- _Source data_:
══════════════════════════════

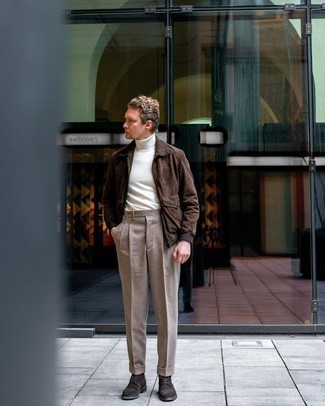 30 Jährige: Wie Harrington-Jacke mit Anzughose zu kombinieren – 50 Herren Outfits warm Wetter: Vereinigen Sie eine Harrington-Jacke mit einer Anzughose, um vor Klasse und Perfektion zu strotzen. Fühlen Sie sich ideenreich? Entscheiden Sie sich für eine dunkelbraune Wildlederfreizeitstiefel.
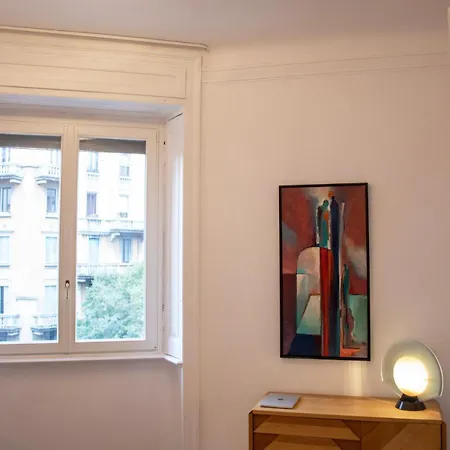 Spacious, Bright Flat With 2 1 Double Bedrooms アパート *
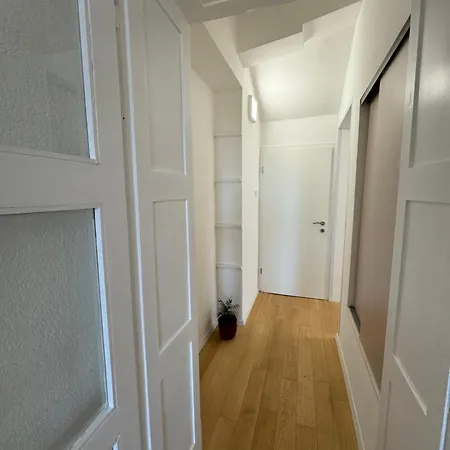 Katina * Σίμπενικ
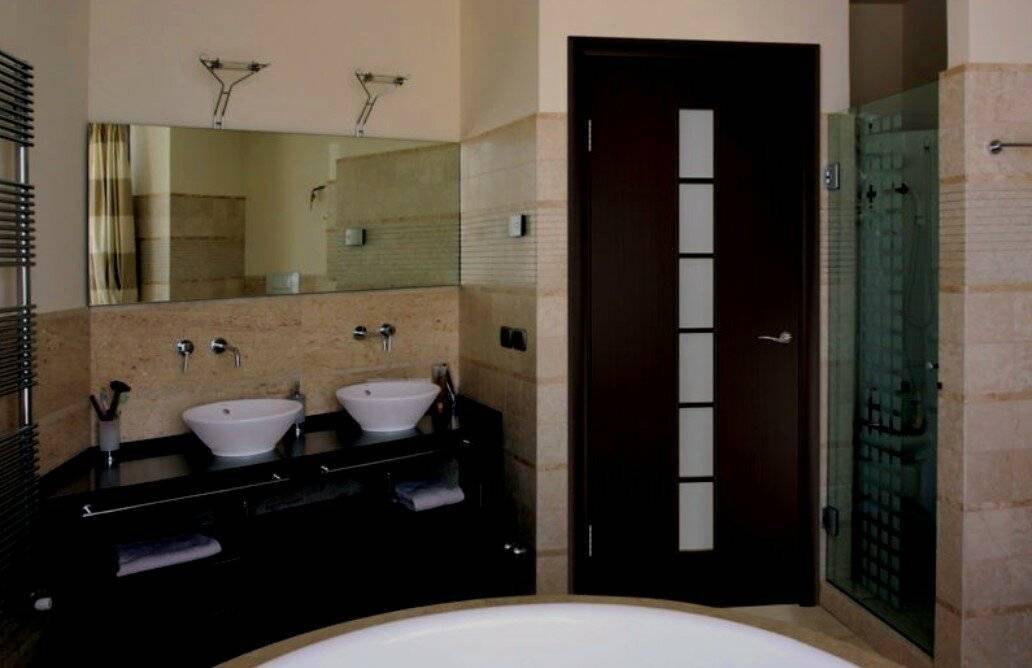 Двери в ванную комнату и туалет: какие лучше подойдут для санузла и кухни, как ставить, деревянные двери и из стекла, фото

══════════════════════════════

- _Assigned task_:
Write out, word for word, the lines running from the one containing "Katina * Σίμπενικ" to the end of the data above; the pictures are to be left out.

- _Answer to this task_:
 Katina * Σίμπενικ
 Двери в ванную комнату и туалет: какие лучше подойдут для санузла и кухни, как ставить, деревянные двери и из стекла, фото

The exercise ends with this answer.